Well I was recently in a debate with a youtuber over the flat earth subject, and one of the proofs he mentioned was QF27 - or QFA27 - Santiago,Chile, to Sydney, Australia (and vice versa) taking too short a time (12hours or so) for the FE map to be correct.
Now I've heard this before and I've heard different arguments. From flat earther's - that the map most commonly used may not be 100% perfect - but far better than the maps we have for the globe. That seems a little weak, to me. I've heard that there are people who have taken the flight who find their compasses pointing the wrong direction at the tail end of it. And then excuses for that.
Not sure what to think of any of this. So I went to FlightRadar and had a look:
(Sydney to Santiago)
https://www.flightradar24.com/data/flights/qf27/#d97c7ab
Now, what's interesting to me, first off, is the flight path itself. Why waste soooo much fuel heading SE from Australia then NE to make a huge "U" ? It seems to me the shortest route saving the most time and the most fuel is simply due East from Sydney. Why the all the waste? Can't argue it's to "pick up more people" - as there are not stops on the route shown.

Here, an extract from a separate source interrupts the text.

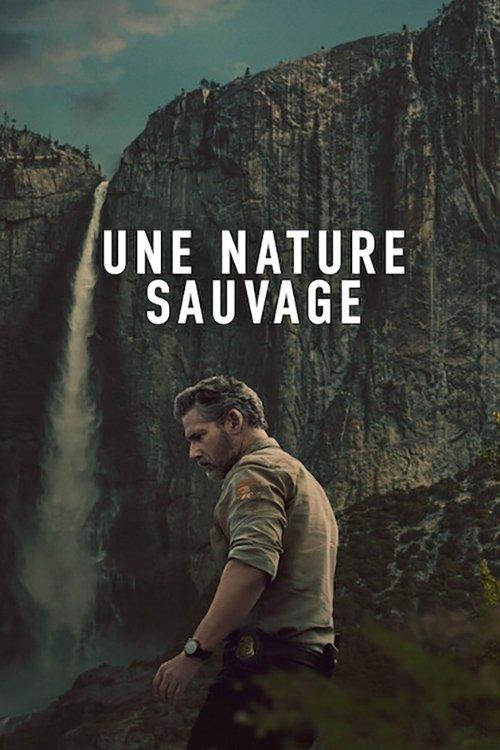 Affiche de la série Une nature sauvage poster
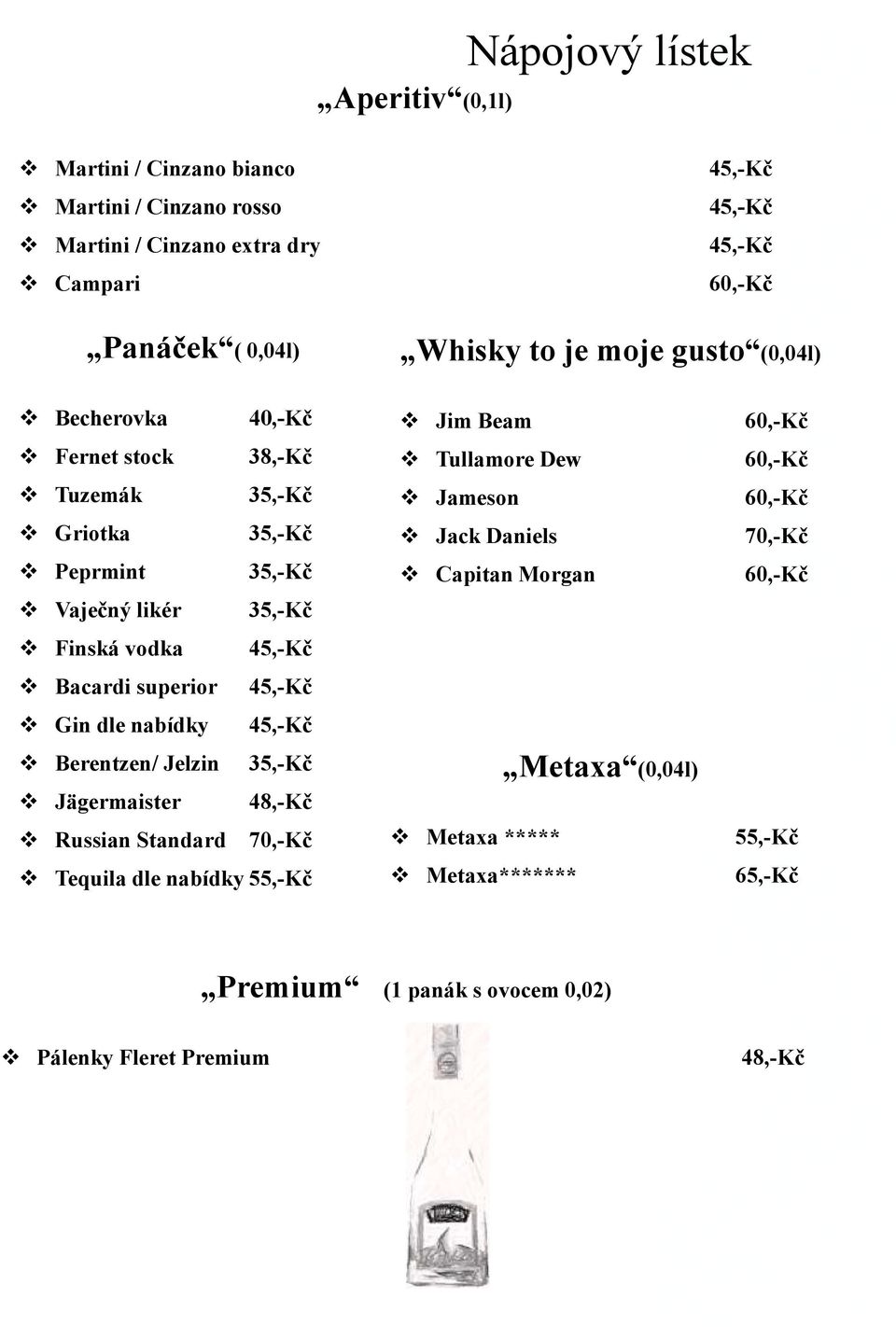 Gin dle nabídky Berentzen/ Jelzin 35,-Kč Jägermaister 48,-Kč Russian Standard 70,-Kč Tequila dle nabídky 55,-Kč Jim Beam Tullamore Dew Jameson Jack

The second thing I found interesting about this flight is that outside of a little bit out of Sydney, and approaching Auckland - there is 0 flight radar for it - you can watch previous flights and the plane skips over the greatest length of the flight - the dotted line.
This second thing brings to mind something else. Someone's going to object and say that radar can't travel over that distance - to which I have to ask - why is it curving over such a great distance to begin with? Now even if it went in a straight line - due East, and if radar couldn't track it then due to distance...
Then why not one of the thousands of supposed satellites that are hovering above the earth.
The whole flight smells fishy to me.